Mary Rosenblum, Author of several novels, Instructor and Web Editor at Long Ridge Writers Group says. “Whenever I’m researching a community as a setting for a mystery or contemporary piece, I always pick up copies of the local paper, and yes, I turn right to the classifieds. Who is selling what and for how much? Farmall tractors? Six bottom plows? Must be a farming community. Spray equipment, apple boxes? Orchards. What are the housing prices like? Is this the overpriced bedroom community for ski resort? Are houses with an acre or so of land dirt cheap? Nobody’s working! You can take the pulse of a community with the ads in that paper.” 
Magazines are another good source for ideas. Open it to any page, look at the pictures, even the advertisements - see an attractive woman or a couple. Imagine them in a scene. Create a plot around them. 
Last, but certainly not least, is our author friends. Many times, I got an idea for an article, just from our daily conversation.  Today the subject of being the only one who managed to fill the ice cube trays came up.  One thing led to another and it turned into an idea for a humorous article. 
Sources for ideas are limitless. We just need to view the world around us with the writer’s eye.




Monday, February 8, 2016

How Much Fact to Put Into Fiction by Roseanne Dowell



I know well-meaning friends often say - “You ought to write this down, it would make a great story.”   Well, actually, no it wouldn’t. I’m sure you’ve all heard the saying “fact is stranger than fiction” - well it is. If you’re writing nonfiction, fine go ahead and use the story about Uncle Joe getting stuck on the roof.  It was a comical incident and will make a great creative nonfiction story. However, for fiction the idea won’t make for a great story without some changes.   For the most part, it’ll come off as false. Readers just won’t believe it. Why?  Think about it.  Other than Science Fiction - which still has to be written as believable- when you read a story or novel, one of your first thoughts is –  can this  happen. It might be farfetched but it can happen.  Besides you, the author will be telling the story.  And we want to show our stories. 

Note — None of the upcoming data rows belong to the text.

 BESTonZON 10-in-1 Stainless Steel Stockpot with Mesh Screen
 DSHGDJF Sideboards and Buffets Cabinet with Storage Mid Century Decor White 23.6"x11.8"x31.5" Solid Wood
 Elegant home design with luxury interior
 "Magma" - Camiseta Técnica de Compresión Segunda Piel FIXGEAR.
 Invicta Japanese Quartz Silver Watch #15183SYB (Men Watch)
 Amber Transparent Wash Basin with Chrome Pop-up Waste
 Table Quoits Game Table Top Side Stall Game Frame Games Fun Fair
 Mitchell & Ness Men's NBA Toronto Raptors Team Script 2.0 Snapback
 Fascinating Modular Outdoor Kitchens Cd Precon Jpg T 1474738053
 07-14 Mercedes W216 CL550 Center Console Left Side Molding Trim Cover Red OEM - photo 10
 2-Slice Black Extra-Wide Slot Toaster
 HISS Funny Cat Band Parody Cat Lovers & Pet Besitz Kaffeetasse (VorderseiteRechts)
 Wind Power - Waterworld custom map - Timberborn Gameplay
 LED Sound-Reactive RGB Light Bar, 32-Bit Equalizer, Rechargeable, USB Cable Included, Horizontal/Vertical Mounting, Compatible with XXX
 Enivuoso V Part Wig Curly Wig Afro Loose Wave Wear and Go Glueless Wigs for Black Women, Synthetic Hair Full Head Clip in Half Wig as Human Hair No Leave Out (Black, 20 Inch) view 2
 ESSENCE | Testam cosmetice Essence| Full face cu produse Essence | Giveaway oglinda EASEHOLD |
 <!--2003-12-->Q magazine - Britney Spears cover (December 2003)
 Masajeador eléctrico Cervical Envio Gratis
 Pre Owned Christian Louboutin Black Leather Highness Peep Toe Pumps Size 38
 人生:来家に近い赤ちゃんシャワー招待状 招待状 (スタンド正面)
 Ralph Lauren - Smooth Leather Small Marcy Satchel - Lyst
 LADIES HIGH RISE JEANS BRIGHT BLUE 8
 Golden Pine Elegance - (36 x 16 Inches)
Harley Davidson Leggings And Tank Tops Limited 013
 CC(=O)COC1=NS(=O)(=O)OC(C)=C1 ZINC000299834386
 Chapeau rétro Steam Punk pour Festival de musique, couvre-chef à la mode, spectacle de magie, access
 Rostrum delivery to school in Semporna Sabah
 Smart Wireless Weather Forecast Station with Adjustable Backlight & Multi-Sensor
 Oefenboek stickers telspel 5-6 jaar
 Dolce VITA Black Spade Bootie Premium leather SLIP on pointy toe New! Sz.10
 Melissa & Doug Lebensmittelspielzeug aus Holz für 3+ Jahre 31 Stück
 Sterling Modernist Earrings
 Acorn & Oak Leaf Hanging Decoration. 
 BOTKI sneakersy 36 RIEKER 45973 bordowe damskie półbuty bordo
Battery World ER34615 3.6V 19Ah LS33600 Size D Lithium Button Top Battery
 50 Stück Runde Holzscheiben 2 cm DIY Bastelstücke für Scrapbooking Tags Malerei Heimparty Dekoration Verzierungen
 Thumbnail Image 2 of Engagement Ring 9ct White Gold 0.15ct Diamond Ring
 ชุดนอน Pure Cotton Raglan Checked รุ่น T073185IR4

Here’s our incident. Uncle Joe got stuck on the roof while hanging Christmas lights.   He put a ladder on the peak of the garage and when he went to get off the other peak he reached his foot out, the ladder slipped away.  He moved toward it and inched his way off the roof, reached his foot out and tried to snag the ladder. Again it slipped away. One more time and it slipped out of reach. By this time he was hanging by his elbows. . No one was in the house. It was cold and the roof was covered with snow. He looked around to see if a neighbor might have come out. Nothing – his arms were getting tired and he didn’t know what to do.  The only thing left was to jump.  He knew if he landed on his feet, they’d slip out from under him and he’d slide off the roof like a bullet.  He took a deep breath and let go. Thankfully he landed and didn’t slide.

If I were writing it for creative nonfiction, I’d embellish it, make it humorous. 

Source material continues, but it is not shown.